彼らはTVなどをはじめとしたマスメディアに「出れない」のではなく、「出ない」という選択肢をとっている。つまり彼らの場合、初期にある程度の「固定客」を確保し、「出ない」という戦略をとることで、それが直接的な付加価値に繋がる。
しかし「出ない」だけではファンに忘れ去られる可能性だって無いとは言えない。そこを補うのがvo.TakaのSNSである。
メディアに出ないけれど、SNSでその生活や交友関係が分かる、というのはリスナー、ファンにとっては「嬉しい」。
また「ライブ」に重きを置くバンドであるから、ライブへの導線をしっかりと確保している。
上図にあるように、当然YouTubeと各SNS、HPの連携は取れている。また①のYouTube型とも言えるように、彼らもまたYouTubeを重要な位置づけとしており、彼らの主戦場はライブとYouTubeという、今までにない若者向け、新・ロックバンドとなり得た。

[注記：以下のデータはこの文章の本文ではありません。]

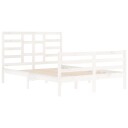 vidaXL Sengeramme hvit heltre 140x200 cm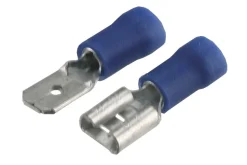 Q-Link Kabelschoen 5xSchuifstekker 5xContrastekker Rood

この傾向はBUMP OF CHIKINにも言えることだ。
⑤フェス先行型
(WANIMA、THE ORAL CIGARETTES、10-FEET、coldrain、My Hair is Bad)
このフェス先行型は、フェスという重要なメディアによって、新規客を獲得する人々のことだ。
ここにはWANIMAやTHE ORAL CIGARETTESが入る。更に10-FEETやcoldrain、My Hair is Badなども入るだろう。
フェスという文化が定着してから何年も経つが、彼らは積極的にフェスにでることで、自身のイメージをオーディエンスに定着させてきた。
つまり彼らは「音楽」に重きを置いたスタイル(ツアー主体)を、分かりやすく提言しているとも言える。
⑥タイアップ型
(back number、Green、星野源、福山雅治)
タイアップとは企業と企業が協力関係になり、双方の提携によって相乗効果を生み出す仕組みのことである。
このタイアップ型で「曲」そのものを浸透させていったアーティストはback number、Greenがいる。また上述済みだがRadwimps、米津玄師、などもタイアップによって大きく躍進したアーティストの一つでもある。
2010年以前はタイアップによって一定のヒットを生み出すことが可能だったが、近年はタイアップそのものだけでなく、各SNS、タイアップ先の作品(役者)、自社HPとの連携が不可欠になってきた。またYouTubeでの広告は、アナログ広告よりも遥かに高い優位性を持つ。
また星野源、福山雅治はマルチ的アーティストの顔も持つので、様々なメディアで見る機会が格段に多い。
言わばジャニーズ主演の主題歌がジャニーズであるのと同じように、彼らもまた俳優が務まり、アーティストも務まるタイプで、これが強みとなっている。
⑦マキシマム ザ ホルモン型
(マキシマム ザ ホルモン)
このアーティストはかなり特殊な戦略を持っている。フェスにて新規客をゲットした後、マキシマム ザ ホルモンの沼に落とし込むこのやり方は、いつ見ても素晴らしい。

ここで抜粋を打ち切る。